Now, think about this: Imagine that the Sox had signed Jackie, and, seeing the experiment work, went after the other black players who ended up on the Dodgers. Imagine the early-to-mid-1950s Boston Red Sox having the following players: Jackie Robinson, Roy Campanella, Don Newcombe, Joe Black, Willie Mays, and, oh yeah, the white players they had who were pretty good: Ted Williams, Johnny Pesky, Bobby Doerr, Dom DiMaggio, Vern Stephens, Walt Dropo, Mel Parnell, Ellis Kinder. You think a team like that could have given the Yankees of Joe DiMaggio, Mickey Mantle, Yogi Berra, Phil Rizzuto and Whitey Ford a run for their money?

Whether Sox owner Tom Yawkey, who owned a plantation in South Carolina and palled around with racists, was racist himself, or simply allowed everyone to think he was, he blew it, big-time. You'll notice that, when the Sox finally won another Pennant in 1967, black players were a big part of it: Reggie Smith, George Scott, Joe Foy, Jose Tartabull (Danny's father), Jose Santiago, and, in the final season of his playing career, the first black man to play for the Yankees, Elston Howard.

But they still didn't win a World Series until 2004, with a team that was very well-mixed with white, black, Hispanic and Asian players. If the Sox had integrated in 1945, it seems pretty likely that they would have won a World Series in the next 10 years, and we never would have heard of the Curse of the Bambino. "The Curse of Jackie Robinson" sounds more accurate.

Sam Jethroe did, indeed, become the first black player in Boston -- with the Braves, on April 18, 1950. He was named National League Rookie of the Year, and had All-Star quality seasons in 1951 and '52 as well. But he was already 33 when he debuted, and poor eyesight was catching up to him, making him a liability in the outfield. He played his last big-league game for the Pittsburgh Pirates in 1954, and remained in the high minors until 1959. He lived in Erie, Pennsylvania, running a bar until dying in 2001, age 83. Marvin Williams, the other man in the tryout, never played in what was then known as "organized ball."
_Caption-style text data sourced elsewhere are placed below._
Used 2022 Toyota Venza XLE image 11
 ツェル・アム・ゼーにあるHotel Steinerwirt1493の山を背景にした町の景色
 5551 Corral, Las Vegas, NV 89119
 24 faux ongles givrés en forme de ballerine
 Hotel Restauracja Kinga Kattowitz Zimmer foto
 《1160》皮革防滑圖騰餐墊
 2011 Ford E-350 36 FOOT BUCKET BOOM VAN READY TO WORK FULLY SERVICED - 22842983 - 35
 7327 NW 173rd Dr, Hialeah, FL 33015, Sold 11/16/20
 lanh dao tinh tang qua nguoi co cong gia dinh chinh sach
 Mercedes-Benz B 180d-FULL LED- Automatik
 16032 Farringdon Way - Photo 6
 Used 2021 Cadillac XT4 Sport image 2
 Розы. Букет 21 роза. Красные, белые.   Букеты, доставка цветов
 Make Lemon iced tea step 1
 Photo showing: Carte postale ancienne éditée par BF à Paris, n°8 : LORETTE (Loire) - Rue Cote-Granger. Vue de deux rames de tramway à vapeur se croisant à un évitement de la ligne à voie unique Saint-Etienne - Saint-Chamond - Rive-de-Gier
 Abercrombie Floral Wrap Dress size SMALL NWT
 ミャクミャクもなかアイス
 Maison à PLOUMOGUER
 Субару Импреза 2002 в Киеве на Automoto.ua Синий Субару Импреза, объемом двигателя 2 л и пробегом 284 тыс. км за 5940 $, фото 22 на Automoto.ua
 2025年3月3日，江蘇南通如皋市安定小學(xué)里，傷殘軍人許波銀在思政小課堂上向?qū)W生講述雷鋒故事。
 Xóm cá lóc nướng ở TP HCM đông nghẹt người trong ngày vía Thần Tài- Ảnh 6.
Branch Rickey sent his chief scout, Clyde Sukeforth, to find an appropriate black player, one who was good enough to make the major leagues if there were no barrier, but also one who could rise above everything that would be thrown at him -- not necessarily the best player, but the best man.

Sukeforth found Robinson, and told Rickey that this was the man, in part because he was an educated man, that he did have a wife-in-waiting, and wasn't the type to run around chasing women, that he wasn't a boozer, and that he had already played with, and against, integrated teams.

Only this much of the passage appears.